I hope Rachel is tough because a lot of people are not going to like this book. She openly expresses her doubts or disagreement of the party line positions on a whole range of issues that populate the “no man’s land” in the American culture war: gays, women in church office, pluralism, the Bible, Creation/evolution, etc. That isn’t unusual of course, but she does so with a pleading subvoice for inclusion in this community she has questioned. Communities that major in hard lines don’t usually have to think twice about how to respond to those who start to look like traitors to the cause. Others will simply dismiss the book as yet another 20 something evangelical breaking ranks for the emergent camp.

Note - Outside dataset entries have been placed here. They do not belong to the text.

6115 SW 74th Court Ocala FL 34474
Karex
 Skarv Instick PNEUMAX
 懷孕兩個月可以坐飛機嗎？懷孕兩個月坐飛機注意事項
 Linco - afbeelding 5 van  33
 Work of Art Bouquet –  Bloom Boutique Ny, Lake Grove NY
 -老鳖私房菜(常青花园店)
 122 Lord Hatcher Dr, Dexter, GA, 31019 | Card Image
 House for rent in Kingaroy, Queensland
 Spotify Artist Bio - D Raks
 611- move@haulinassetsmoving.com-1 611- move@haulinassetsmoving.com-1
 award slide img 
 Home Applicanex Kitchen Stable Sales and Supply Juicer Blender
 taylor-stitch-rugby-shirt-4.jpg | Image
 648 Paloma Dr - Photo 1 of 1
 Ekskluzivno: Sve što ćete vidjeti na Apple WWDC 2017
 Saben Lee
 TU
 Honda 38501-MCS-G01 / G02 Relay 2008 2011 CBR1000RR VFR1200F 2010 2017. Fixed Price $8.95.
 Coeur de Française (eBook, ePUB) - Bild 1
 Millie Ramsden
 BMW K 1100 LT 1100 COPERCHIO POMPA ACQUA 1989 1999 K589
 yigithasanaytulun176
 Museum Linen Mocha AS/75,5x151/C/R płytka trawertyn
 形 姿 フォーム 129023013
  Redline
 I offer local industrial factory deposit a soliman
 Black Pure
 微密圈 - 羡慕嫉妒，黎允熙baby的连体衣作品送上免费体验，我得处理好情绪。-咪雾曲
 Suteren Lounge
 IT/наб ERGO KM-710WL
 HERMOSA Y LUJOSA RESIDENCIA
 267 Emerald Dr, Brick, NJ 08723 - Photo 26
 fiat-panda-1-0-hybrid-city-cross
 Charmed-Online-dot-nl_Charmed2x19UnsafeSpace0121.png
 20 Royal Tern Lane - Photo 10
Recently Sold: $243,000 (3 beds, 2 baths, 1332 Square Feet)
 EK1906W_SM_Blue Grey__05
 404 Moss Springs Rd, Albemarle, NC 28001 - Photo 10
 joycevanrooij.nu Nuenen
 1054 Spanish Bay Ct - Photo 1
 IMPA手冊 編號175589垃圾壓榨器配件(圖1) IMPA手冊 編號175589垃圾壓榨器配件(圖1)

I think the book should be read in the context of the Tim Keller quote above. She speaks from a generation that is not simply going to accept the regime created to keep them compliant and they know they don’t have to. Perhaps what is most exposed by this early memoir is a misplaced faith the church has placed in its processes of indoctrination. Conservative Christians can speak glowingly about political liberty while saving their best tyrannies for their religious institutions. The information age has broken those tyrannies wide open and there is simply no going back for many of the sharp, literate, question asking 20 somethings like Rachel. Can traditional Christian orthodoxy find a new winsome identity in the public market place of ideas despite yet another generation that has felt itself poorly treated by some of its keepers?

Rachel I think speaks for a generation within her subculture when she writes “doubt is the mechanism by which faith evolves”. One of my favorite chapters was a brief one where she describes her husband fixing up and flipping a house and repeatedly admonishing her to “respect the process”. These are words of wisdom for an older generation of anxious parents worried by where and how their children will land.

How will this book be used? I think it will bring comfort to a lot of young women who are haunted by what Rachel brings forward and won’t feel as frightened or alone because of her book. Most of what I hear her pushing against I have heard in the voices of many others like her. Anxious church leaders that simply can’t see why their formulas for next generational compliance are falling short might want to listen carefully to her story.

Our projects and programs for inviting next generations into the faith should never replace our faith in the one who calls them. Vital to this transference is the full and free appropriation of the faith which is always a scary process. Twenty years from now Rachel may be writing another book about her daughter’s doubts about Rachel’s questions and answers. Central is our Lord’s generational missionary enterprise is the kind of anxious questioning known to every praying Christian.